"""
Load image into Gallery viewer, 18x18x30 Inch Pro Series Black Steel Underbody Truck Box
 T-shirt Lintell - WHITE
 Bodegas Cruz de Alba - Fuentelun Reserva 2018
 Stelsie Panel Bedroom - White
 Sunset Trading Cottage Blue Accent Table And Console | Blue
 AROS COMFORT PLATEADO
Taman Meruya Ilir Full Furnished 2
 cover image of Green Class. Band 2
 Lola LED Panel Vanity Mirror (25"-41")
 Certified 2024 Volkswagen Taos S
"""
* [Task requirements]: From the first line down to the last, give the records again exactly.

* [Answer area]:
Load image into Gallery viewer, 18x18x30 Inch Pro Series Black Steel Underbody Truck Box
 T-shirt Lintell - WHITE
 Bodegas Cruz de Alba - Fuentelun Reserva 2018
 Stelsie Panel Bedroom - White
 Sunset Trading Cottage Blue Accent Table And Console | Blue
 AROS COMFORT PLATEADO
Taman Meruya Ilir Full Furnished 2
 cover image of Green Class. Band 2
 Lola LED Panel Vanity Mirror (25"-41")
 Certified 2024 Volkswagen Taos S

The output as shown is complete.